Provided records:
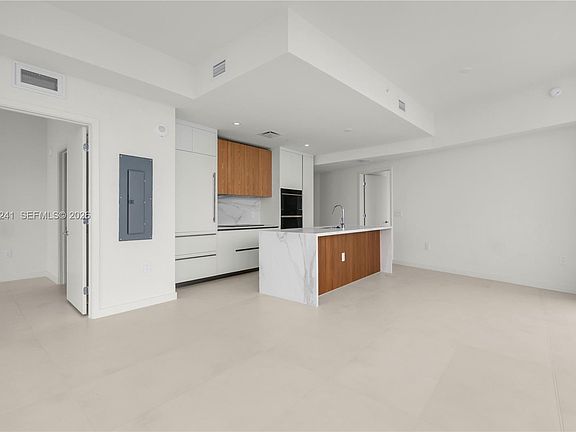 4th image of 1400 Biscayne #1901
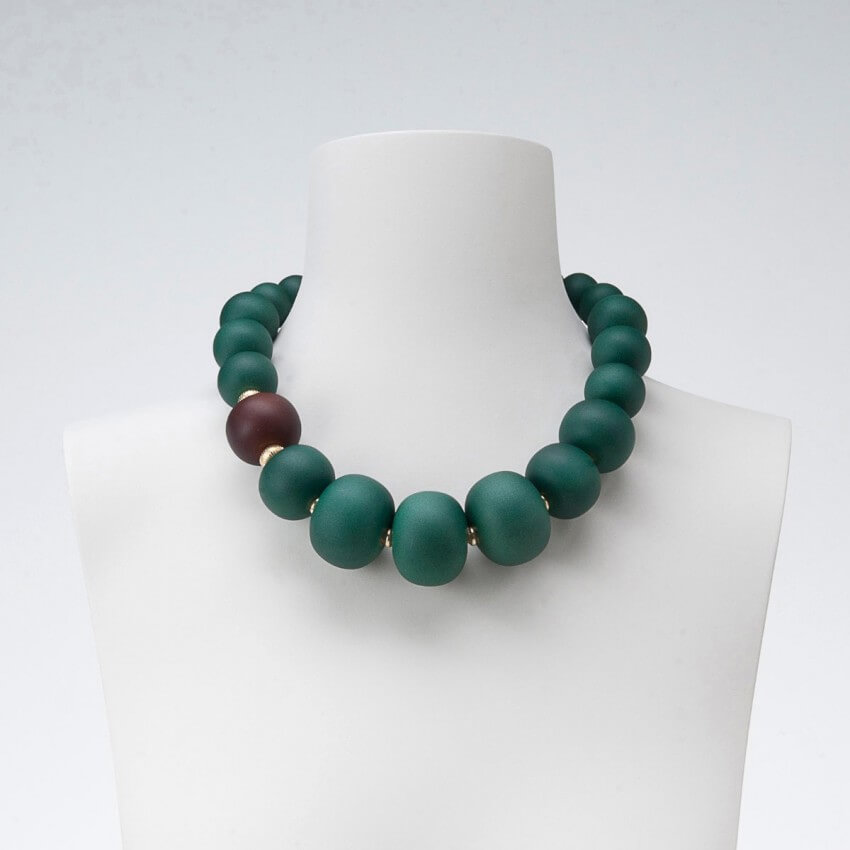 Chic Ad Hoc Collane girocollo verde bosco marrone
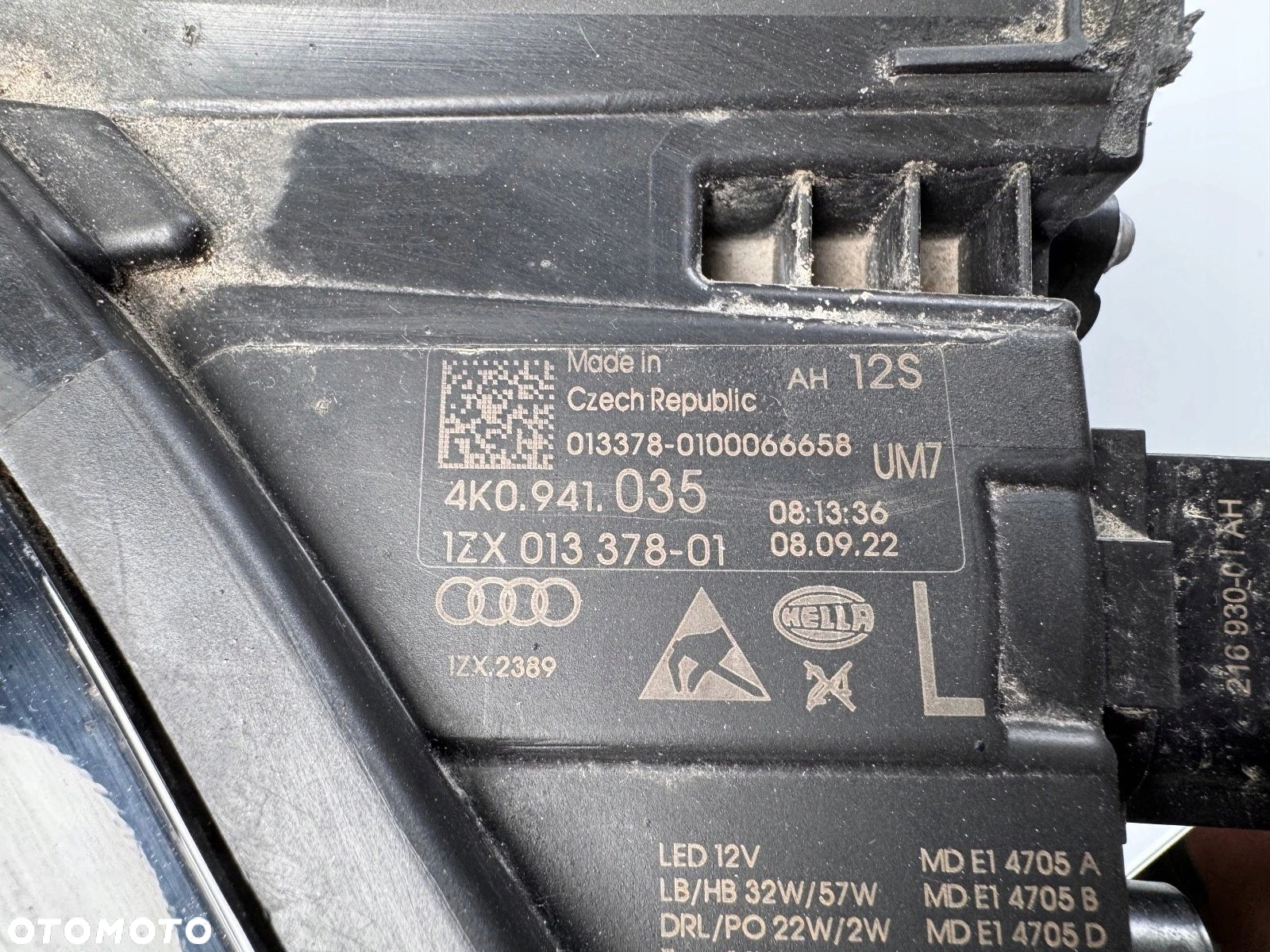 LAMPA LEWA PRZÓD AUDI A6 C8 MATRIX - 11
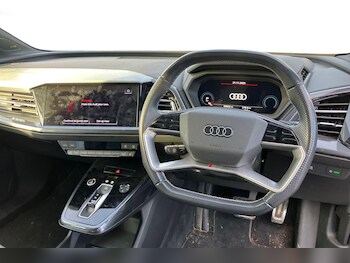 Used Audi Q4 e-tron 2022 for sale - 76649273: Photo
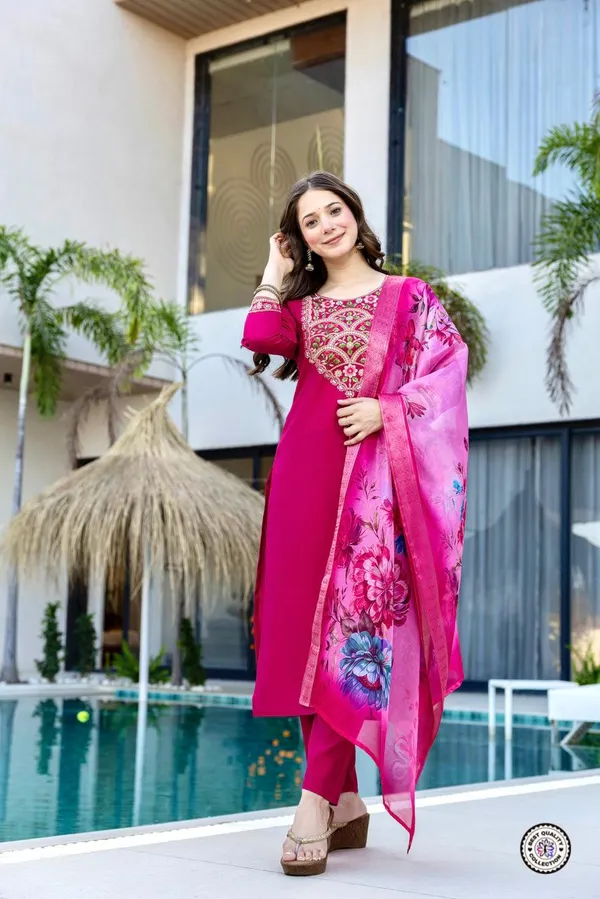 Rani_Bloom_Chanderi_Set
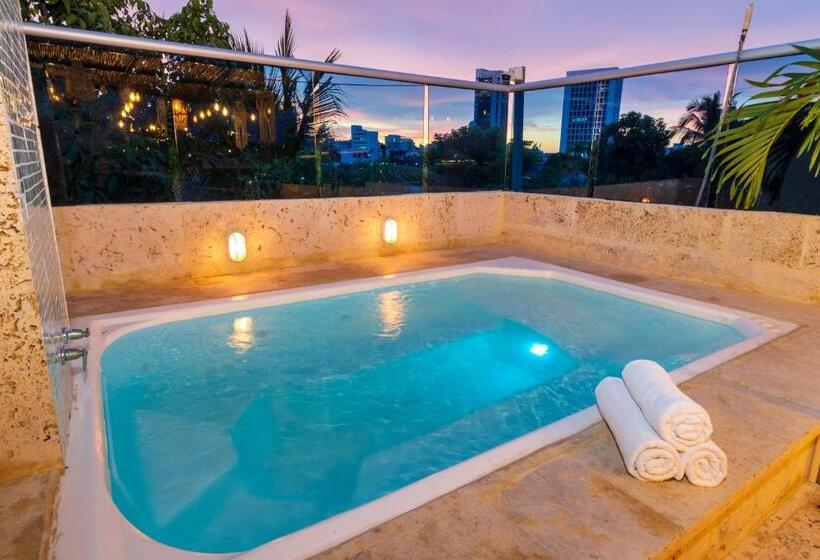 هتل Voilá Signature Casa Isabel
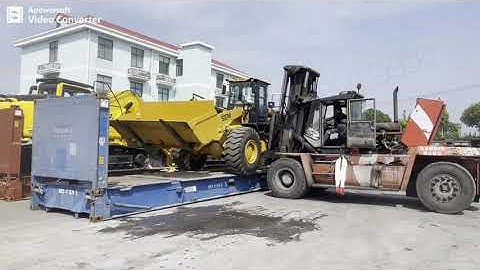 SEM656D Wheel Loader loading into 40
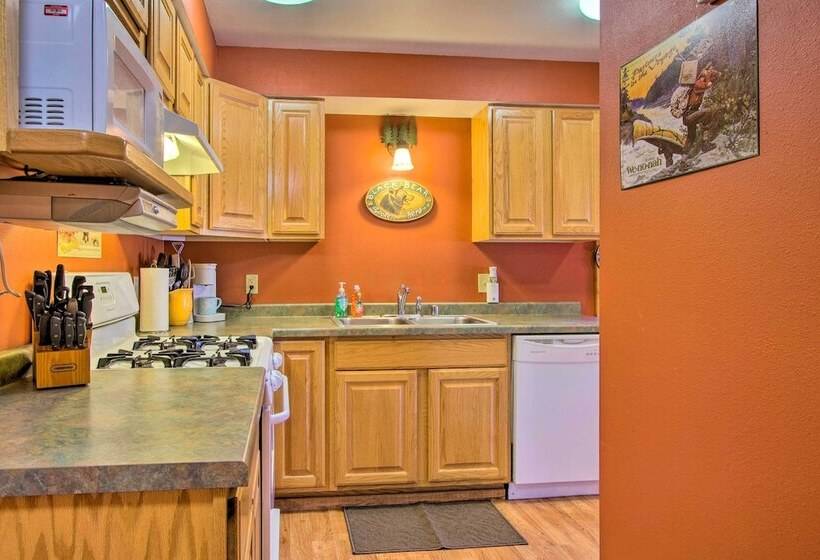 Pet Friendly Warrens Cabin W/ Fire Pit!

* * *

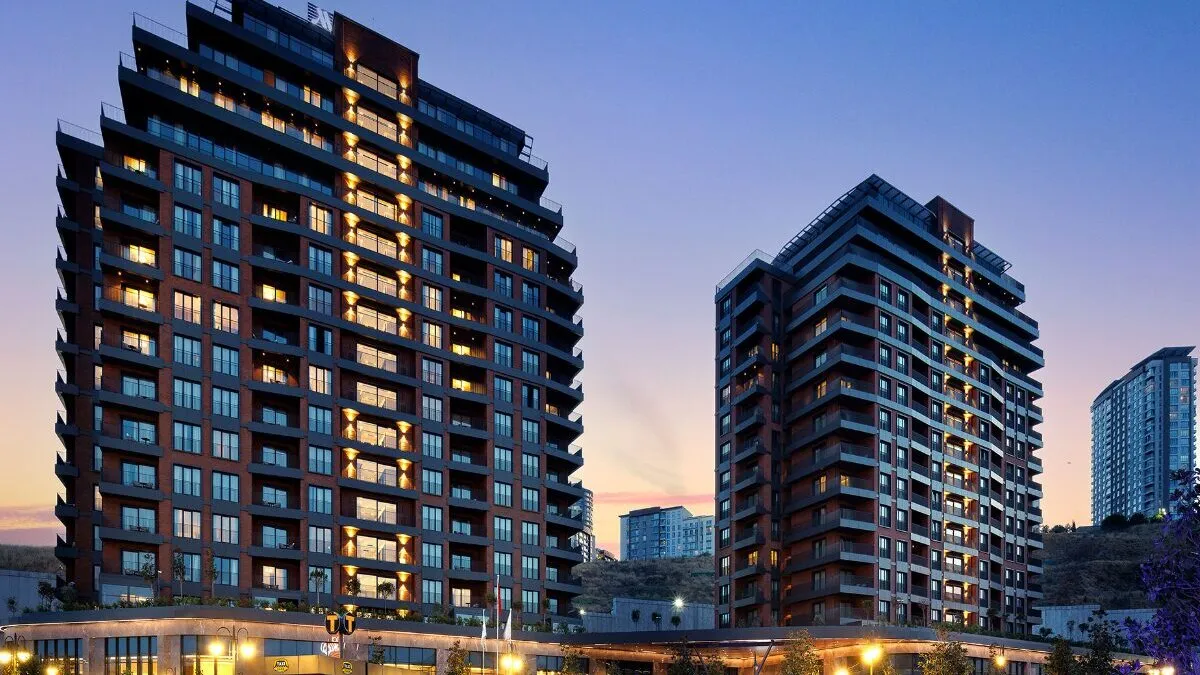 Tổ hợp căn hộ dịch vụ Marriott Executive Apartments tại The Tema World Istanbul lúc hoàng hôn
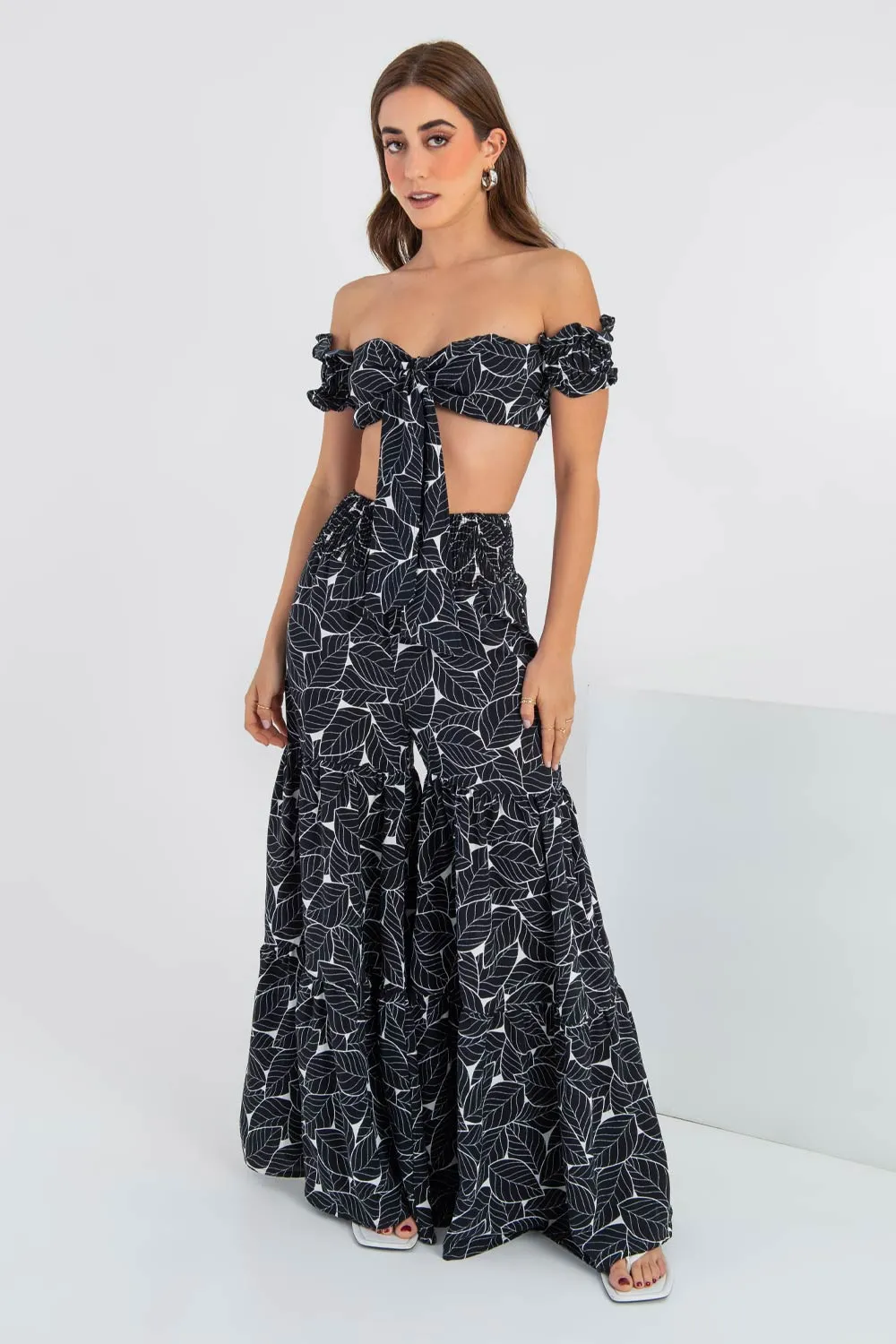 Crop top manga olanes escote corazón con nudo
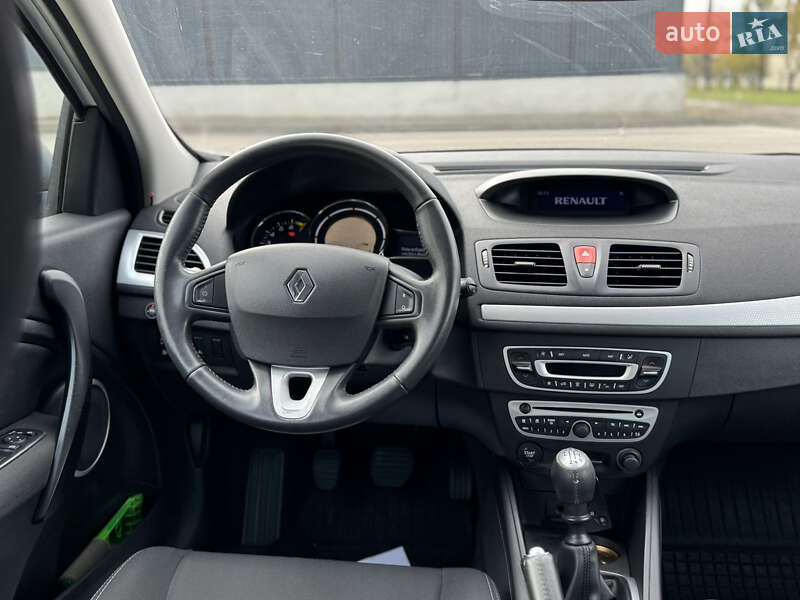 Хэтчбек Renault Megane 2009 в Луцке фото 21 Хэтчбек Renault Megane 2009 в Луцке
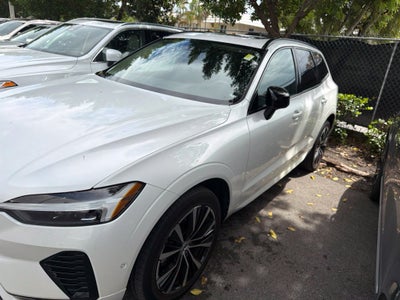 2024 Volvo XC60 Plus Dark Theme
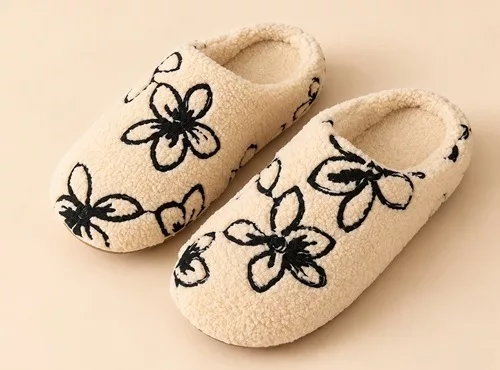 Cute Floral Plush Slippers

* * *

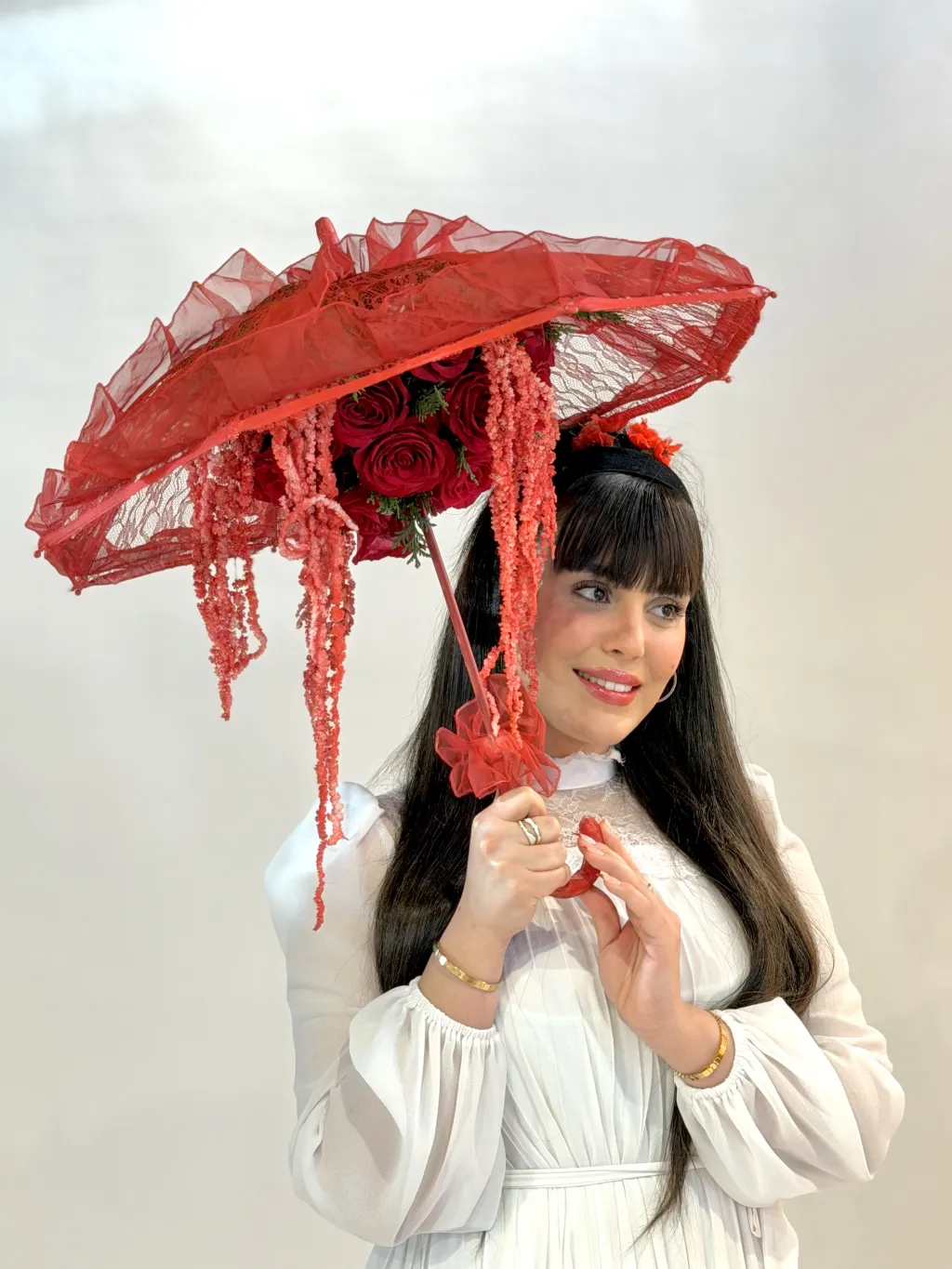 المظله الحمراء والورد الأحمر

Exercise:
Although the records above contain pictures, the copy must not; set down exactly the lines from the one with "Tổ hợp căn hộ" up to and including the one with "Хэтчбек Renault Megane 2009 в Луцке фото".

Problem solution:
 Tổ hợp căn hộ dịch vụ Marriott Executive Apartments tại The Tema World Istanbul lúc hoàng hôn
 Crop top manga olanes escote corazón con nudo
 Хэтчбек Renault Megane 2009 в Луцке фото 21 Хэтчбек Renault Megane 2009 в Луцке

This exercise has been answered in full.